Además, la situación en alta mar ya se está poniendo densa. Los organizadores de la flotilla han denunciado varias acciones de hostigamiento por parte de las Fuerzas de Defensa de Israel. Hablan de barcos militares que se acercan demasiado, de comunicaciones intimidatorias por radio y de una vigilancia constante que busca desgastarlos psicológicamente. Es un juego del gato y el ratón en medio del mar, donde cualquier error de cálculo o un exceso de nervios puede terminar en un bolonqui mayúsculo. Por ahora, los activistas han dicho que no van a paralizar la navegación y que su compromiso con llegar a Gaza sigue intacto, a pesar de la presión y los riesgos evidentes.

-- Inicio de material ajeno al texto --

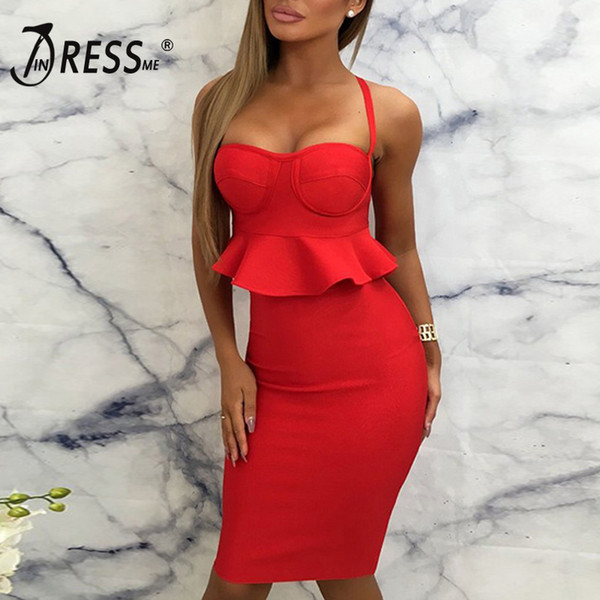 INDRESSME Sexy Women Bandage 2 Piece Sets Sexy Strapless Spaghetti Strap Backless Ruffles Short Tank Tops Mini Solid Skirt 2018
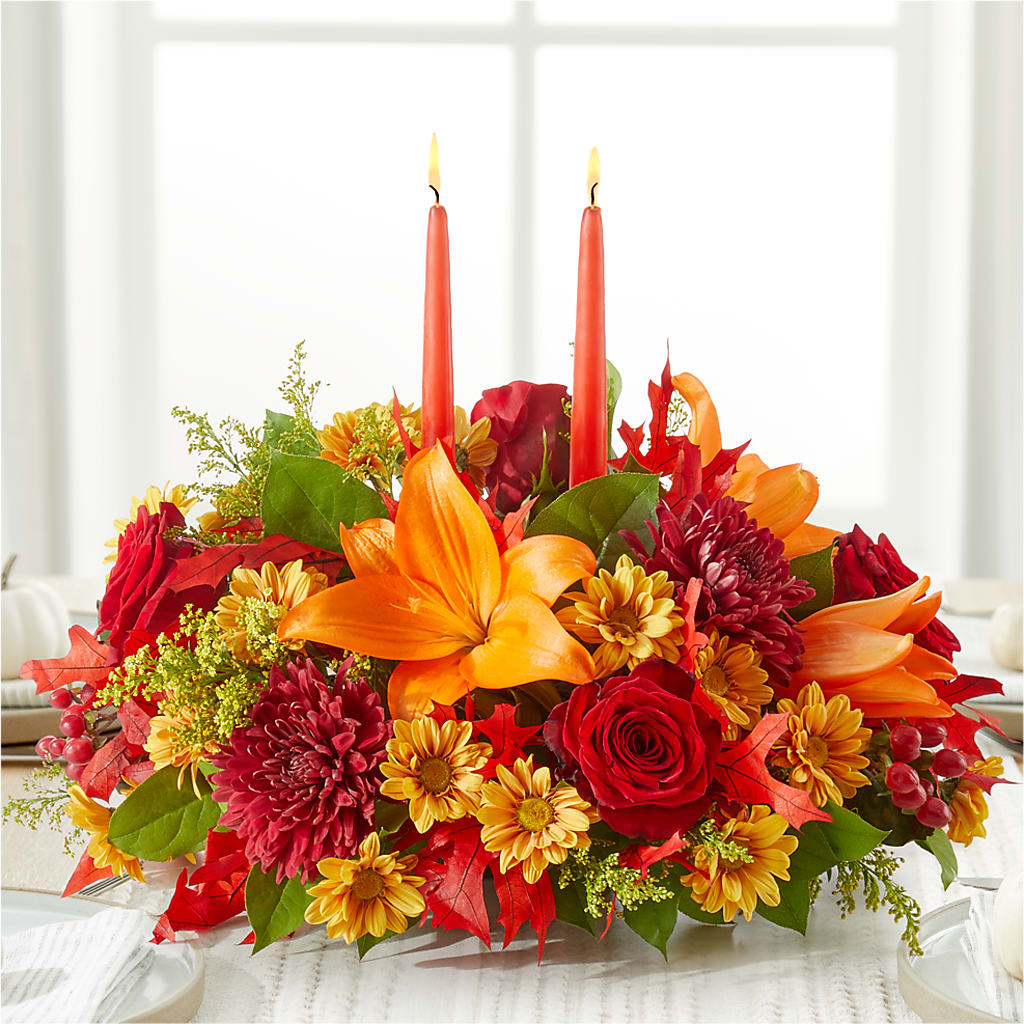 Autumn's Embrace Centerpiece –  Corona Rose Flowers, Corona CA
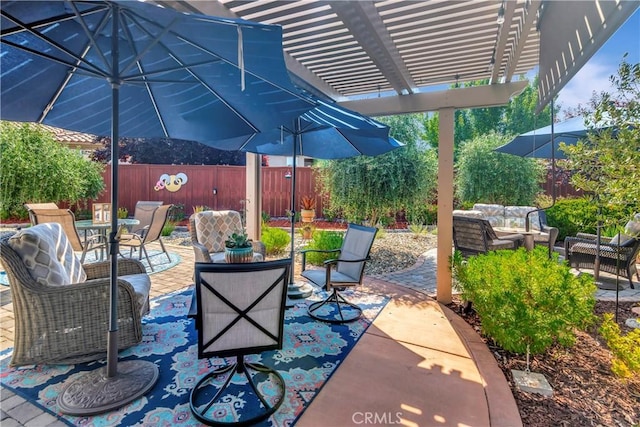 2673 Traditions Loop, Paso Robles, CA 93446 - view of patio / terrace with outdoor dining area, an outdoor hangout area, and a pergola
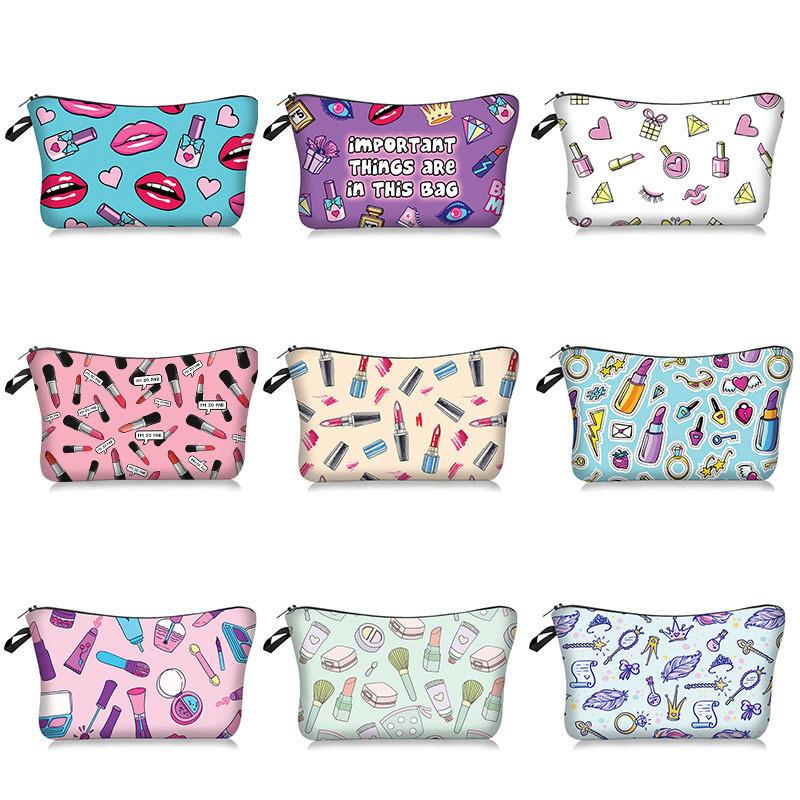Printed Lipstick Makeup Bag Travel Portable Large Capacity Wash Pouch Storage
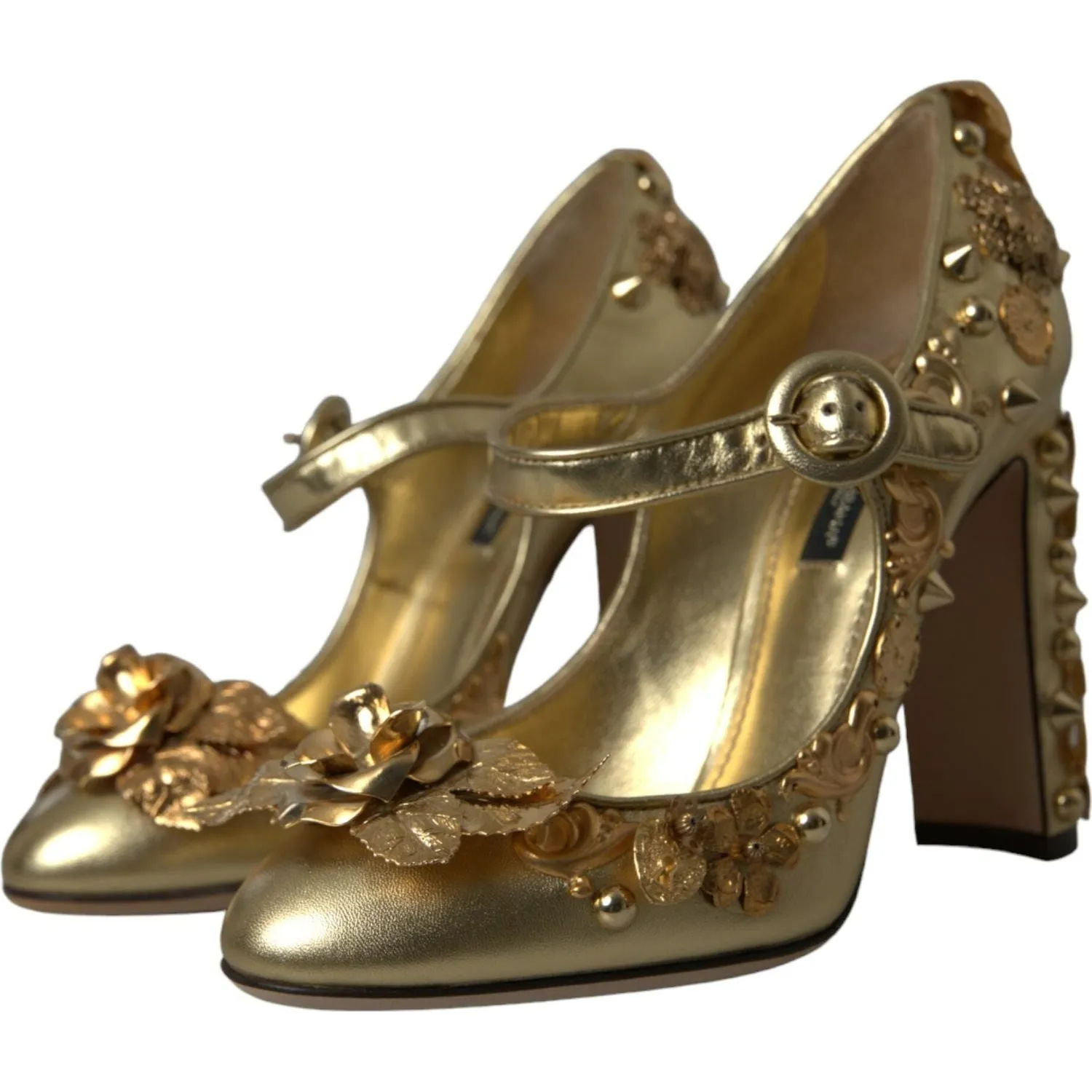 Dolce & Gabbana Gold Leather Crystal Mary Janes Pumps Shoes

Este escenario trae a la memoria fantasmas de episodios pasados, de otras flotillas que intentaron lo mismo y que terminaron en incidentes graves. Nadie quiere que la historia se repita, pero las posturas parecen irreconciliables. Por un lado, un Estado que defiende su seguridad y su derecho a controlar sus fronteras marítimas, viendo en estos barcos una amenaza potencial y una jugada política en su contra. Por otro, un grupo de civiles de diversas nacionalidades convencidos de que están llevando a cabo una misión justa y necesaria, dispuestos a correr grandes riesgos por una causa en la que creen firmemente. En el medio, una población en Gaza que espera una ayuda que no sabe si llegará y una comunidad internacional que cruza los dedos para que la tensión no escale a más.